Creating market access on the energy landscape

Enbridge's Southern Access Extension project featured on CNBC’s Race to Rebuild

For job creation, market access, and helping to build out America’s energy infrastructure, this SAX is hitting the right notes.

Today on CNBC’s Squawk Box program, Enbridge’s Southern Access Extension Pipeline Project – otherwise known as SAX – was featured as part of a live CNBC series called The Race to Rebuild.

CNBC reporter Jackie DeAngelis interviewed SAX project director Jerrid Anderson near Decatur, Ill., regarding Southern Access Extension – a 24-inch-diameter pipeline that will travel 167 miles from our Flanagan Terminal in Pontiac, Ill., to Patoka, Ill.

The $900-million SAX project is creating more than 1,300 jobs during its construction phase, and is expected to enter service later this year with an initial capacity of 300,000 barrels a day.
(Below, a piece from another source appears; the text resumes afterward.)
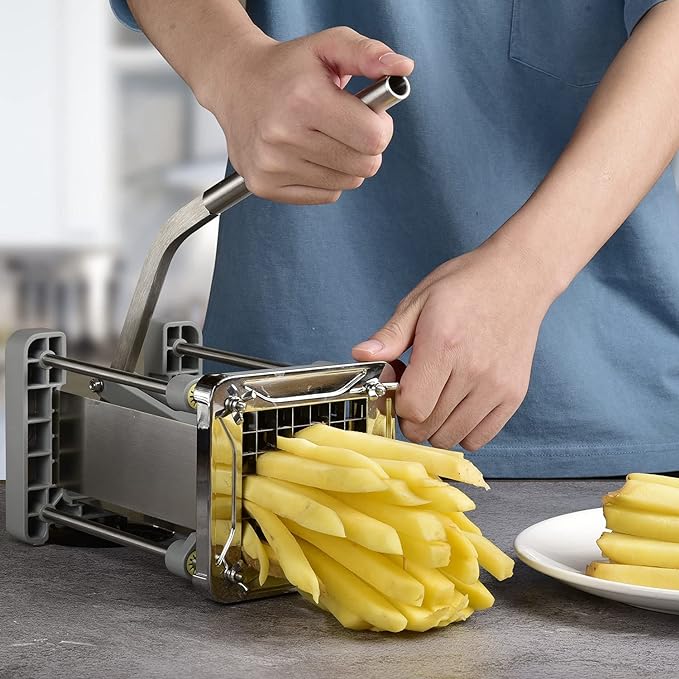 French Fry Cutter, Sopito Professional Potato Cutter Stainless Steel with 1/2-Inch Blade Great for Potatoes Carrots Cucumbers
Southern Access Extension is part of our $6-billion Light Oil Market Access program, an initiative to expand access to U.S. refinery markets for growing volumes of light oil, primarily from North Dakota and Western Canada.

At Enbridge, we’re engaged in a $44-billion slate of energy infrastructure projects across North America, in spite of low crude oil benchmarks.

“Even when prices are down . . . the industry still needs that connectivity, that market access,” Anderson tells CNBC.

CNBC’s Race to Rebuild series also focuses on other aspects of the U.S. energy infrastructure, such as power grids and transmission lines and natural gas-fired power plants.